» Exercise details
Give back, word for word, the lines in the listing below from the one holding "شنطة رياضية • قابلة للتمدد • مقاومة للماء" down to the one holding "PSILOCYBIN Новозыбков", both ends included.

» Input data
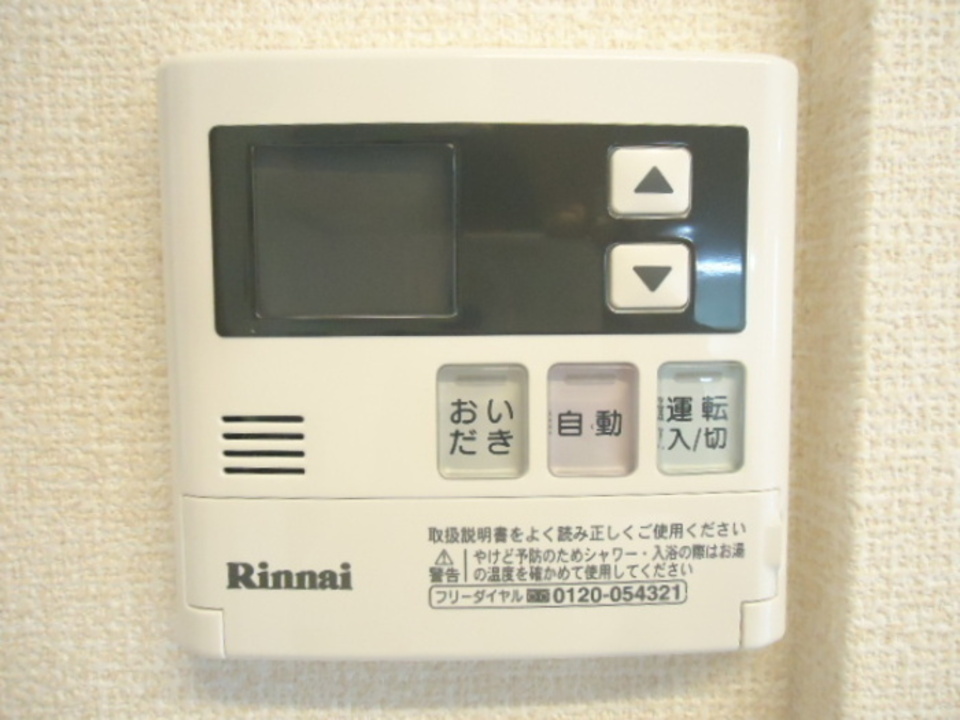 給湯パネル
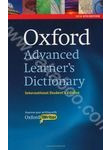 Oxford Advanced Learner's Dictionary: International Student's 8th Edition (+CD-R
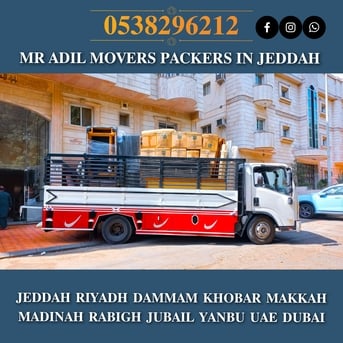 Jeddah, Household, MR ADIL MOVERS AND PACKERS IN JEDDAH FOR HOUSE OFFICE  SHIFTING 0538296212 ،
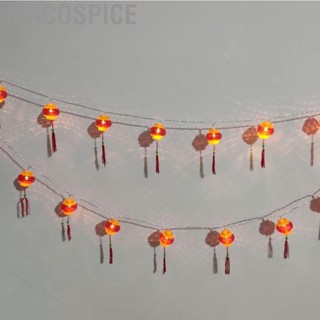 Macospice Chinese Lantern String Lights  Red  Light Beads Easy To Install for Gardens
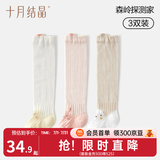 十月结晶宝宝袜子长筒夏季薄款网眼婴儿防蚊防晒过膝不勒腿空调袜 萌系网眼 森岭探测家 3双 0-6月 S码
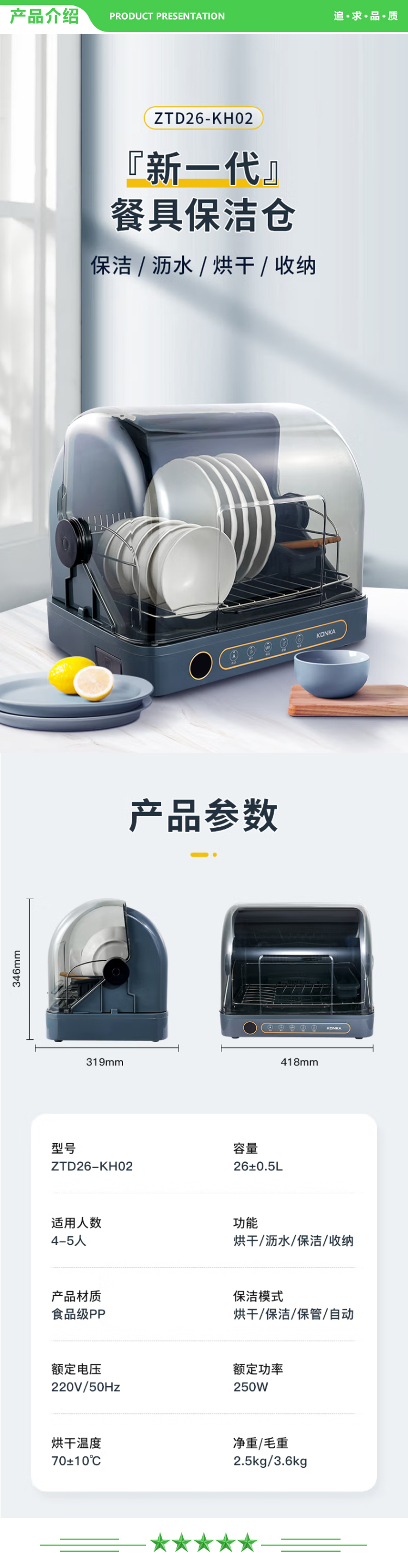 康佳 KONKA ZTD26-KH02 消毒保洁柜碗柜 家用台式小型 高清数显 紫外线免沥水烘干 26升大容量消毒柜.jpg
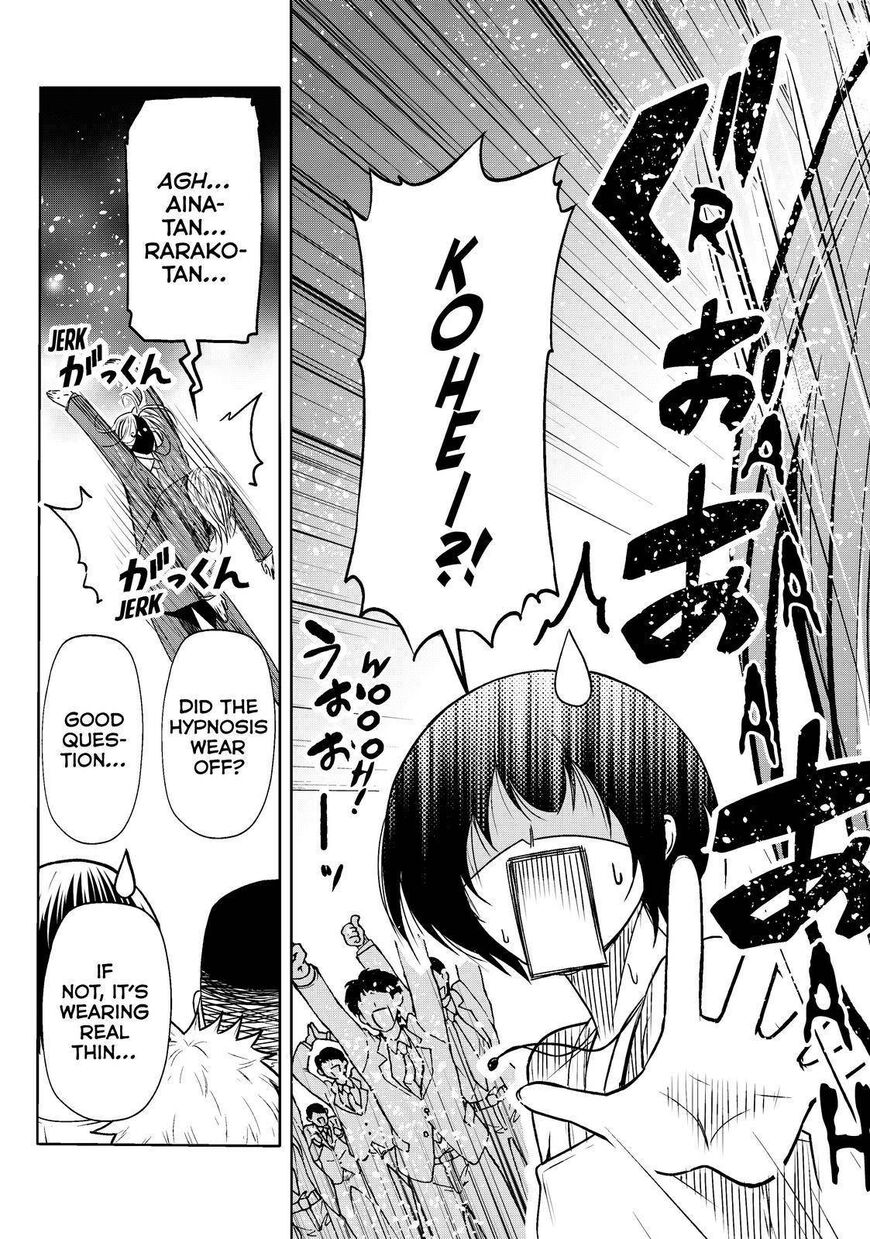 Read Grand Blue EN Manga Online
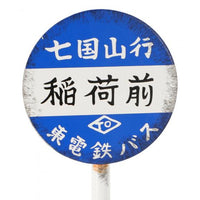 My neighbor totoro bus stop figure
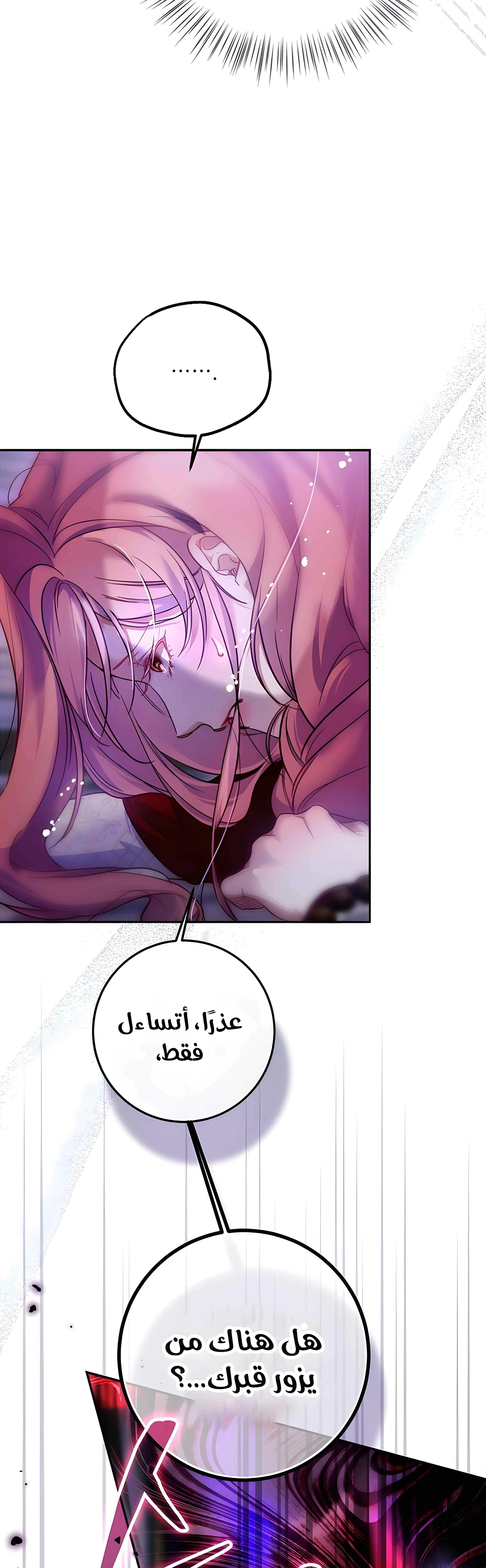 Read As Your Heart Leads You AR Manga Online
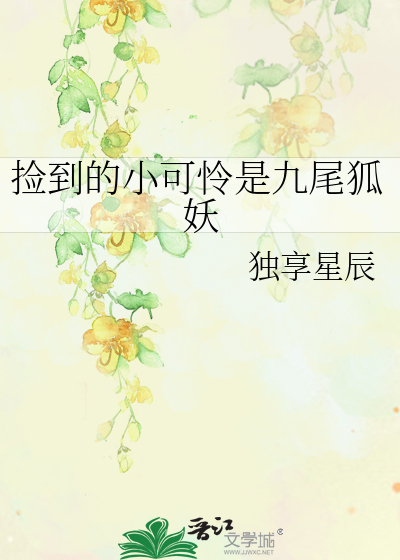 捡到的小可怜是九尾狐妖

* * *

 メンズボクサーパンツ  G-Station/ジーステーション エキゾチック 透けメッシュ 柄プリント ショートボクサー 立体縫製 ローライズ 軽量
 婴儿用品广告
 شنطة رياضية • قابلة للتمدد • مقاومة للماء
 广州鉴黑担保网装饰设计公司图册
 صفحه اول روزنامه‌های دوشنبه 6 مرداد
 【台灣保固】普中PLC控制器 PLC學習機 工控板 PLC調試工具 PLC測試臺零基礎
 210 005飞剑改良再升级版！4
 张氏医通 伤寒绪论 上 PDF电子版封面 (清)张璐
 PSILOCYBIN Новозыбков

...

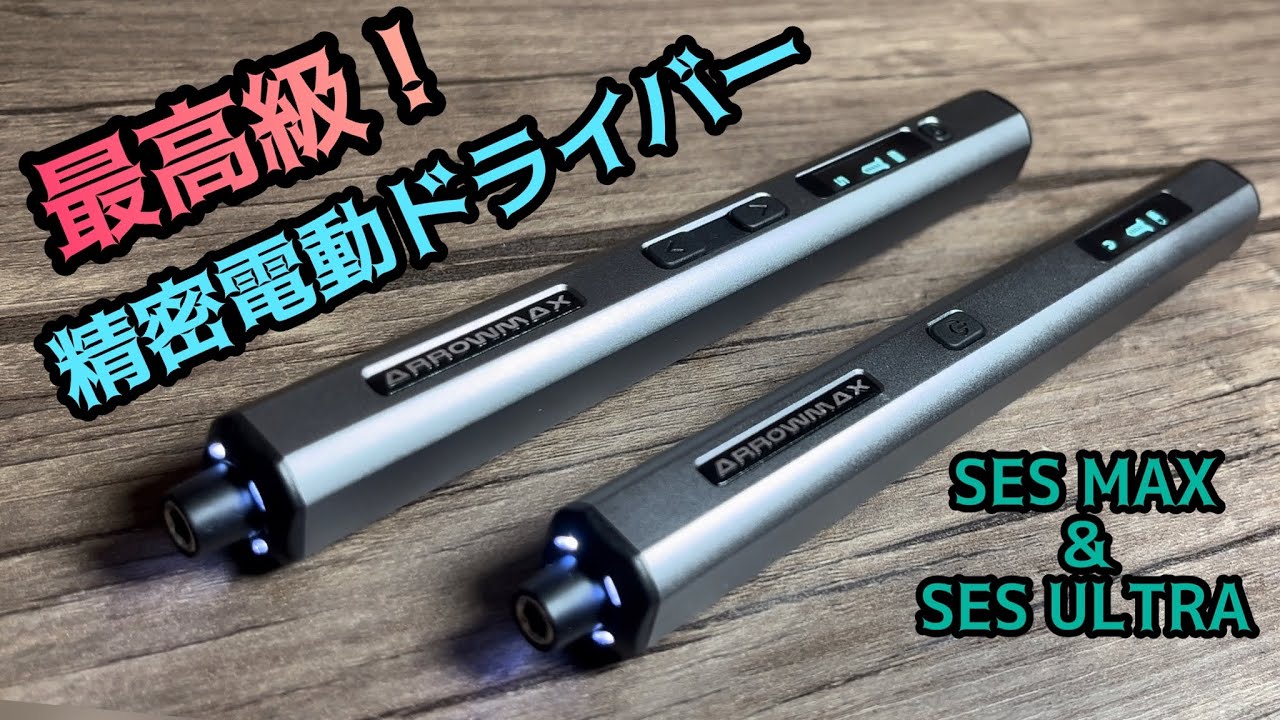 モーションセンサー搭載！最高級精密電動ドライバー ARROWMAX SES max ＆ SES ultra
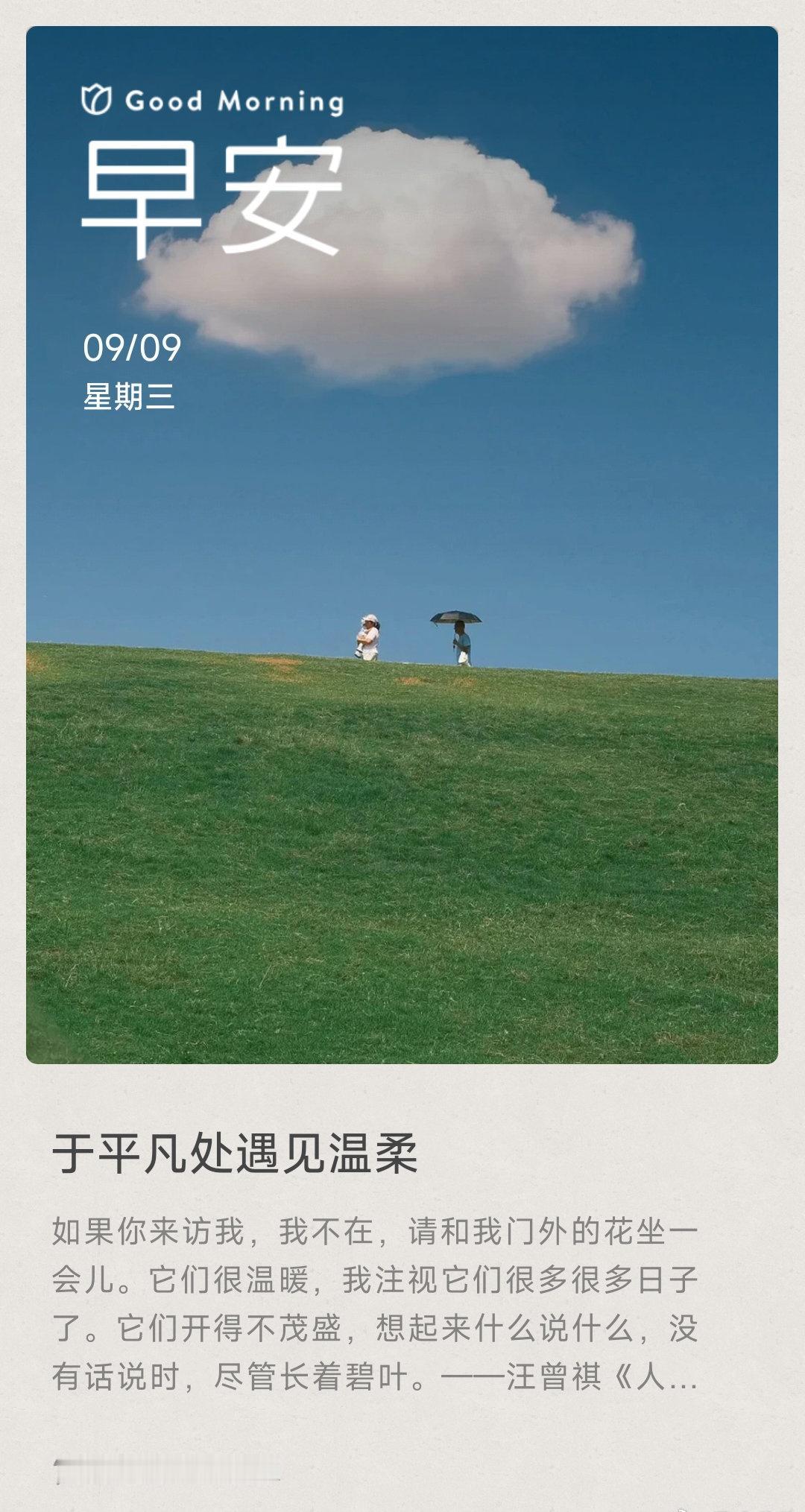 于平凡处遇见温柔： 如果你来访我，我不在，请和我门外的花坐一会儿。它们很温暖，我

» Output below
 شنطة رياضية • قابلة للتمدد • مقاومة للماء
 广州鉴黑担保网装饰设计公司图册
 صفحه اول روزنامه‌های دوشنبه 6 مرداد
 【台灣保固】普中PLC控制器 PLC學習機 工控板 PLC調試工具 PLC測試臺零基礎
 210 005飞剑改良再升级版！4
 张氏医通 伤寒绪论 上 PDF电子版封面 (清)张璐
 PSILOCYBIN Новозыбков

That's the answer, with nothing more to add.